The first days went fairly well, trying the baby rice out for size (apparently it’s all about texture) then we progressed to parsnip puree, then sweet potato at which point my freezer started to fill up with tiny pots of labelled mush. I was incredibly proud of myself for the labels by the way. And then I noticed this starting to happen:
The spoon travels to her mouth and her mouth clamps shut
The spoon travels to her mouth, her mouth clamps shut and her head turns away
The spoon travels to her mouth, her mouth clamps shut and she pushes the spoon, somewhat aggressively, away.
She was making herself pretty clear. And it seemed to happen more, the more effort I had put in to making her dinner. Butterbean and kale hummus, for example, was a disaster (I would share the recipe with you…but).
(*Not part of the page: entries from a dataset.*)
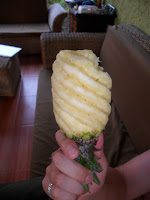 Freshly cut pineapple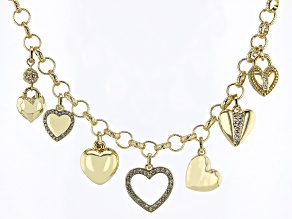 Pre-Owned White Crystal Gold Tone Heart Charm Necklace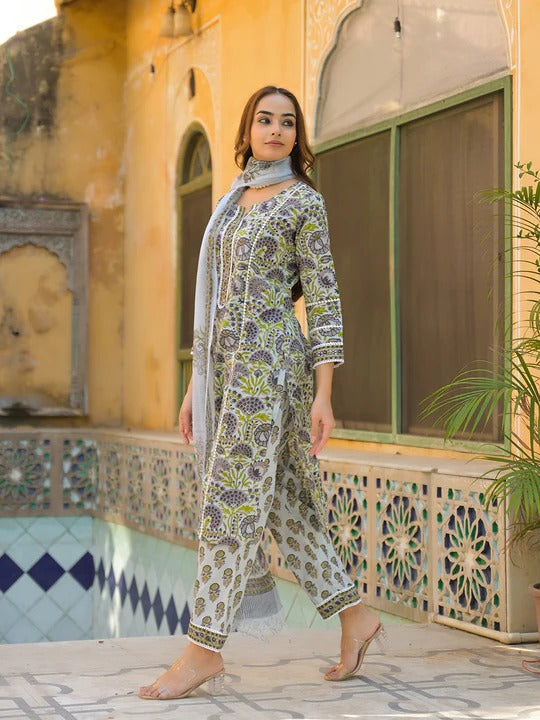 Sea Green Cotton Block Print Kurta Pant with Dupatta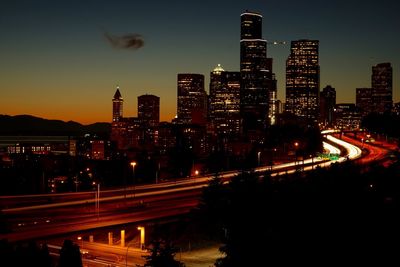 Light trails in city at night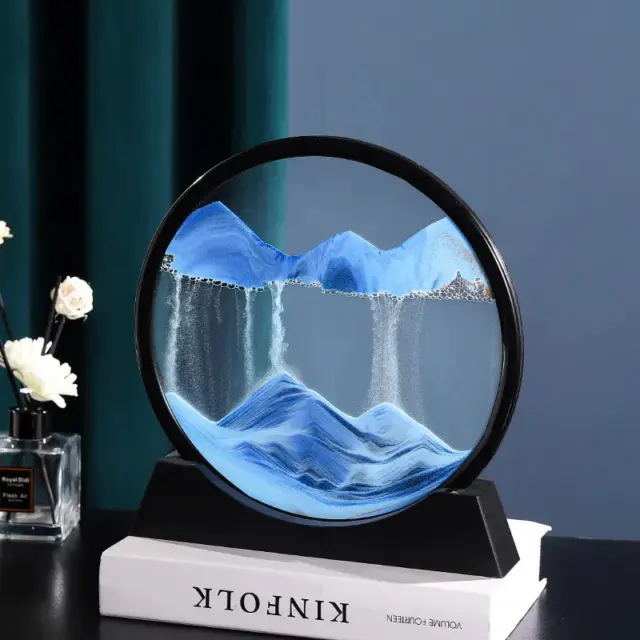 3D Moving Sand Art Picture round Glass Deep Sea Sandscape Hourglass Quicksand Cr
She wasn’t mad keen on my porridge either. (Still isn’t in fact – and she gets it every day).
And before someone comes and smashes my door down with a baby led weaning placard, I tried that too. Ok, I may not have done it by the book but I’ve given her a fair few chances. She’s gone down the ‘hold a piece of broccoli in her hand for 10 minutes until its body temperature, smash the majority onto the table and drop the remainder on the floor’ route a few times and to be fair she is quite partial to a bit of bread and butter (who isn’t?!) but it didn’t exactly set the weaning world on fire for us.
And then one frantic day I cracked open one of Ella’s Organic pouches as a last resort and. she. loved. it. She couldn’t get enough of the stuff. After all of my effort, the bloody ready meal won the day.
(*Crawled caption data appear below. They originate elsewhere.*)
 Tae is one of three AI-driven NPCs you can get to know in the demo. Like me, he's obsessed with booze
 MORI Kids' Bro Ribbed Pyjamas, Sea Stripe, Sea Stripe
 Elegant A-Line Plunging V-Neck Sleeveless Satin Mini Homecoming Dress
And here I have to wonder, why don’t I just give her what she clearly wants? And I realise that this is a question that parents must ask themselves over and over again. And I realise, as I ponder, that it’s because they are NOT IN CHARGE! (NB when it comes to sleep, this point is debatable).
So at Month Eight, here I sit and I am not beaten. She is not getting an Ella’s pouch every day, although it’s nice to know they’re always near… I console myself that Ella (whoever this genius is) must have tried for years to get those recipes down. I still make a bowl of porridge daily (which almost always gets eaten by me). And I still haven’t chucked away the plastic pots labelled ‘lentils’. Because I know that one day far in the future we will sit down together, by the light of a sunset, with a glass of wine and a bowl of butterbean and kale hummus and we’ll laugh about these days and she’ll thank me for my hours spent tending to home made lentil stew and be eternally grateful for all of my efforts in making her the healthy, happy, food lover that she is.
And then she’ll subject her own poor children to the same fate.